Ray Chen e Tabita Berglund in concerto

 Con il suo piglio informale e il carisma da popstar, Ray Chen è il prototipo del solista moderno, capace di piacere al grandissimo pubblico e al tempo stesso soddisfare le ragioni musicali della pagina al massimo livello. Ed è un dominio della scrittura, ma anche della comunicazione, che emerge chiaramente in un lavoro “da valigia” come il Concerto per violino e orchestra in re maggiore, op. 35 di Čajkovskij, portato sul palco del Teatro Verdi di Pordenone, dove il violinista australiano è tornato a otto anni dalla sua prima apparizione, dimostrando una crescita sensibile sotto ogni punto di vista.

foto Teatro Verdi Pordenone - di Simone Scognamiglio

   Il suo è un violinismo tanto caldo e appassionato quanto strumentalmente impeccabile, cui non manca nulla: virtuosismo, mordente, intonazione, colori, rotondità e proiezione del suono, dizione cristallina nei passaggi più svelti, espressività - un’espressività per certi versi molto estroversa e appassionata, ma ficcante - e la capacità di dialogare con un’orchestra ottimamente rifinita da Tabita Berglund, che si conferma uno dei nomi più interessanti della nuova generazione di direttrici.

   C’è sì un piglio francamente romantico, sia nei riferimenti, sia nella profondità del suono, sia nel modo di far cantare lo strumento, ma anche una forza nell’osare colori moderni, persino graffianti, che affrancano questo Čajkovskij da certo modo burroso e lacrimevole di intendere il lavoro per proiettarlo in un gusto decisamente più contemporaneo.
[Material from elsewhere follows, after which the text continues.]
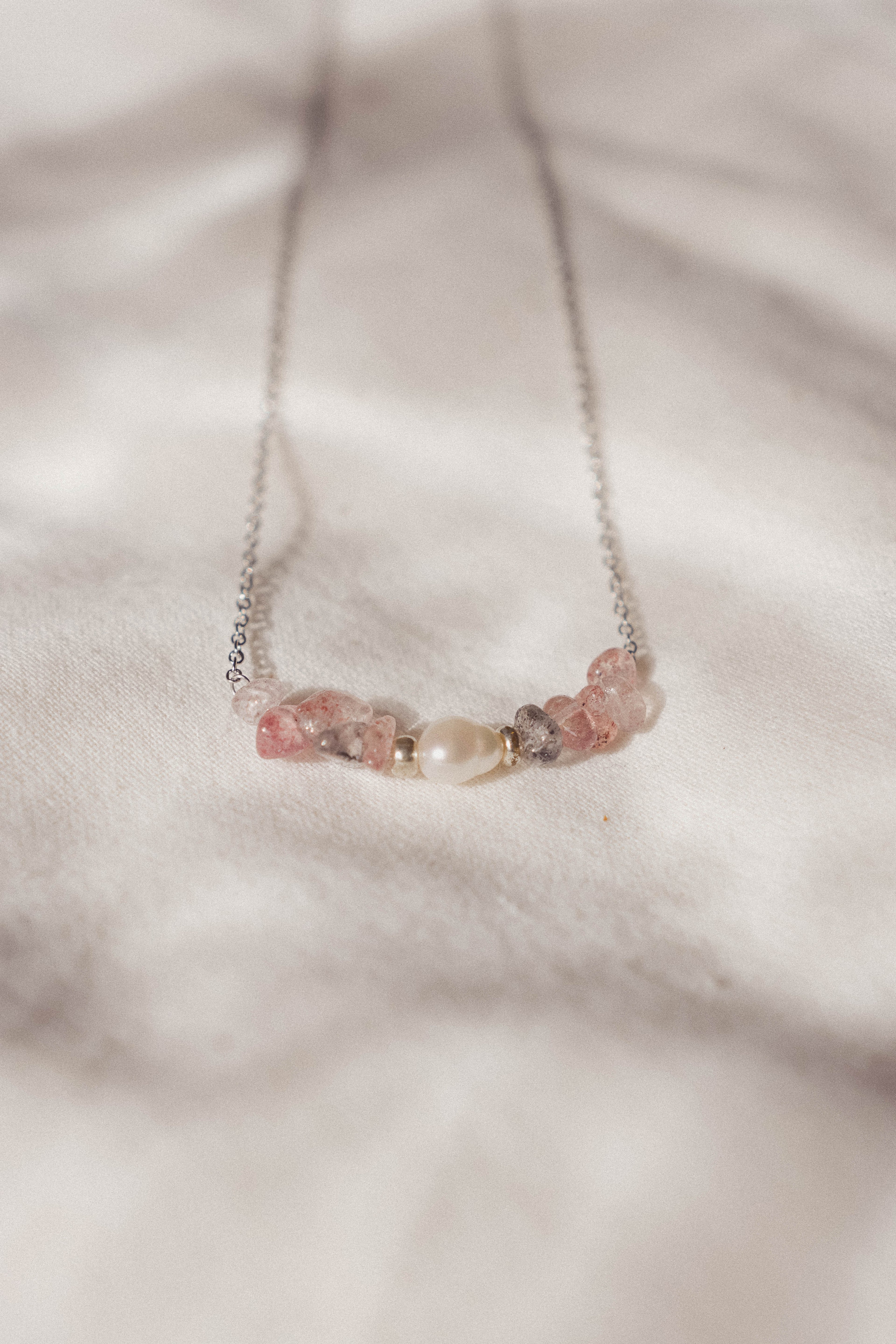 Pearl Cluster Necklace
   Tabita Berglund riserva la medesima attenzione alla trasparenza nella Sinfonia n. 7 in re minore di Antonín Dvořák, esposta secondo un punto di vista di scuola tipicamente nordica per chiarezza strumentale e asciuttezza di articolazione e dunque poco incline a sollecitare impasti densi e un’espressività slava nei fraseggi. È chiaramente un approccio che sacrifica qualcosa in termini di legato orchestrale, inteso come abilità di fondere le frasi e il suono delle diverse sezioni creando quell’effetto alone che omogenizza l’amalgama, e dunque più secco di quanto si sia soliti ascoltare in questo repertorio, ma che d’altro canto rivela dettagli altrimenti nascosti. Berglund dimostra altresì un ottimo controllo dei bilanciamenti interni e della conduzione vera e propria, anche per merito di un’Orchestra della Svizzera italiana, responsiva anche se non sempre impeccabile negli ottoni, che per timbrica degli archi e flessibilità pare ideale nell’assecondare questo taglio.

Successo trionfale per Ray Chen e molto caldo per direttrice e orchestra a fine concerto.